日本の食品業界が築き上げてきた品質水準は、世界に誇るべきものです。
国内の食品工場では、異物混入や表示ミスを極限まで減らす努力が日々なされており、その管理レベルは「世界一」と評されることも少なくありません。
こうした日本品質を支えてきた上級管理職や技術専門職の中には、海外取引先の工場を頻繁に訪れ、日本的な食品安全の考え方を現地に伝えている方も多くいらっしゃいます。
しかしながら、その高い志や経験が、必ずしもグローバルなキャリア発展に直結していない例も少なくありません。
今、私たちが意識すべきは、「実力の発揮」だけでなく、「伝え方」と「広げ方」も同じくらい重要であるという点です。
1. 言葉の壁ではなく、“伝わる”言葉の使い方
- 英語を流暢に話せることは、グローバルで働く上で確かに大きな強みです。しかしそれ以上に、丁寧さや配慮を込めた表現、場面に応じた適切な言い回しができるかどうかが、相手の受け止め方を大きく左右します。日本語でも敬語の使い方で印象が変わるように、英語でも丁寧な言葉遣いは信頼関係の基盤となります。
- 重要なのは語学力そのものではなく、相手の文化や感情を慮る姿勢です。
2. 知識の深さと広さをバランスよく
- 食品安全マネジメントに関する深い知識は、非常に重要な資産です。ただし、それだけでは品質保証全体をリードすることはできません。微生物制御、理化学検査、品質規格設定など、幅広い領域への理解が求められます。
- 一つの専門領域に加え、周辺分野への横断的な理解を深めることで、より説得力のある指導と判断が可能になります。
3. 知識と経験を“共有知”に変える力
- 豊富な経験も、他者に継承できなければ組織の力とはなりません。現場指導にとどまらず、ガイドラインや手順書、教育資料として形式知化することが必要です。
- それは単なる「記録」ではなく、組織にとっての「資産」となり、品質文化を持続可能なものにする鍵となります。

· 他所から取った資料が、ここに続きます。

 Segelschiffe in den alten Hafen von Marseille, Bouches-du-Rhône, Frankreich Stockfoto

こうした「伝え、つなぎ、広げる力」を意識して身につけていくことは、単に個人のキャリア形成に資するだけでなく、日本の食品産業がグローバル市場で存在感を維持・強化していくうえで、不可欠な取り組みです。
国際社会では、優れた品質や技術を有しているだけでは十分に評価されません。それらの価値を適切に伝え、理解を得る力があって初めて、信頼と影響力が築かれます。
今後、日本の食品品質・安全に関する知見をより広く世界に伝え、国際的な基準づくりや市場での発言力を高めていくためには、技術力に加えて、発信力・共有力を備えた人材の育成が急務となっています。

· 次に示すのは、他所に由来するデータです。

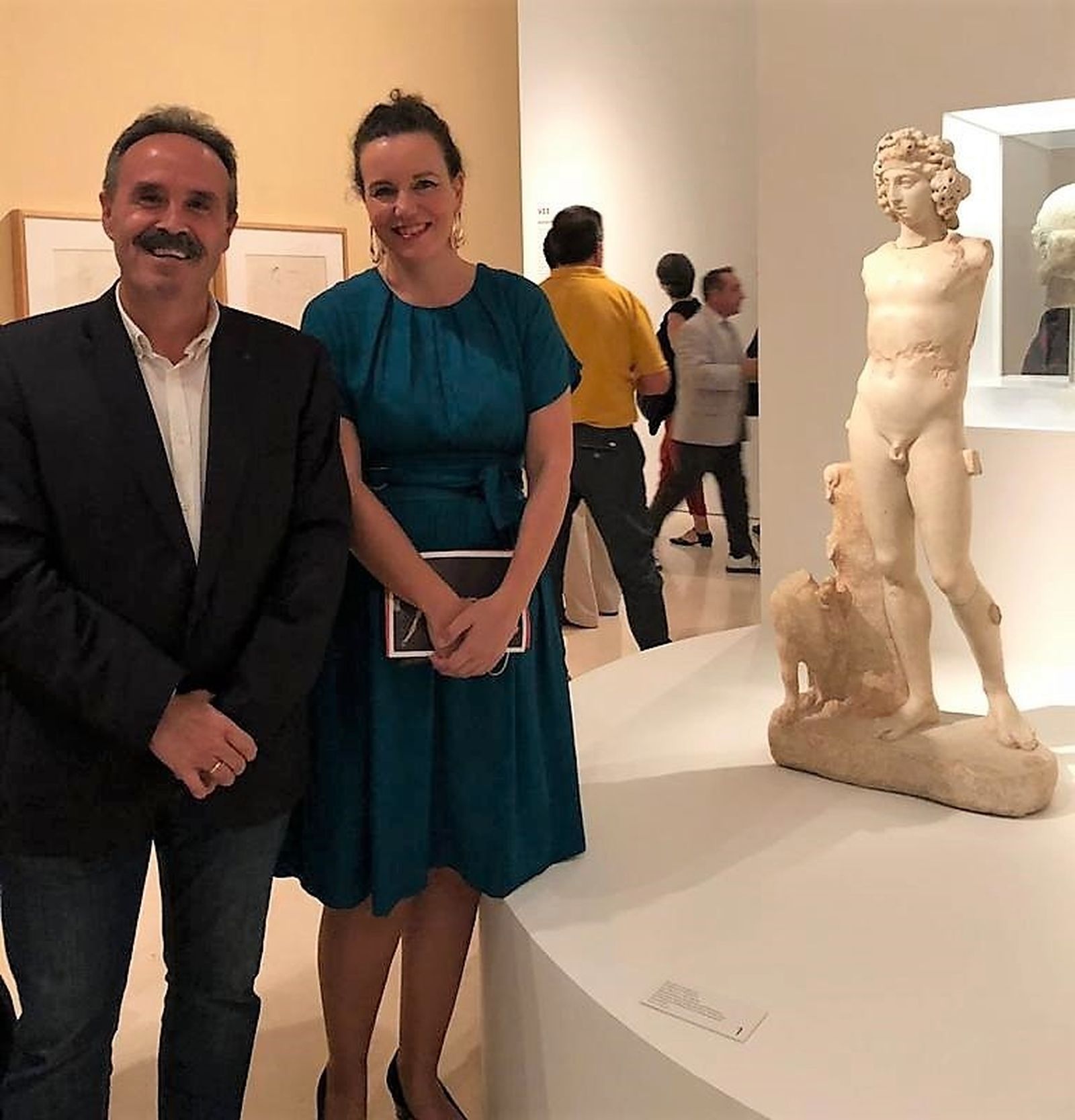 Alfredo Valdivia y Beba Pérez en el Museo del Prado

ところが、上級管理職や技術専門職の中には、部下・後継者育成の責任を十分に果たさないまま、同一の役職に長期間とどまり続けるケースも見受けられます。このような状態が続くと、組織全体に以下のような深刻な弊害をもたらすリスクが高まります。
■ 次世代人材の成長機会の喪失
- 十分な権限委譲やチャレンジの機会が与えられないため、育成の循環が滞り、将来のリーダー層が育たないおそれが高まります。
- 結果として、組織の活力が徐々に低下していきます。
■ 組織の柔軟性・革新力の低下
- 上級職自身が特定の領域や方法論に固執する傾向が強まり、新たな発想や変革を生み出す柔軟性が失われます。
- これにより、時代の変化への適応力が弱まり、組織全体の競争力が低下します。
■ 若手・中堅層のモチベーション低下と離職リスクの増大
- キャリアパスが見えにくくなり、若手・中堅層のモチベーションが低下します。
- やがて人材流出のリスクが高まり、長期的な組織の安定成長が損なわれます。
以上を踏まえ、上級管理職や技術専門職には、単なる日々の業務遂行にとどまらず、中長期的な視点で次世代を育成する責任を積極的に果たすことが求められます。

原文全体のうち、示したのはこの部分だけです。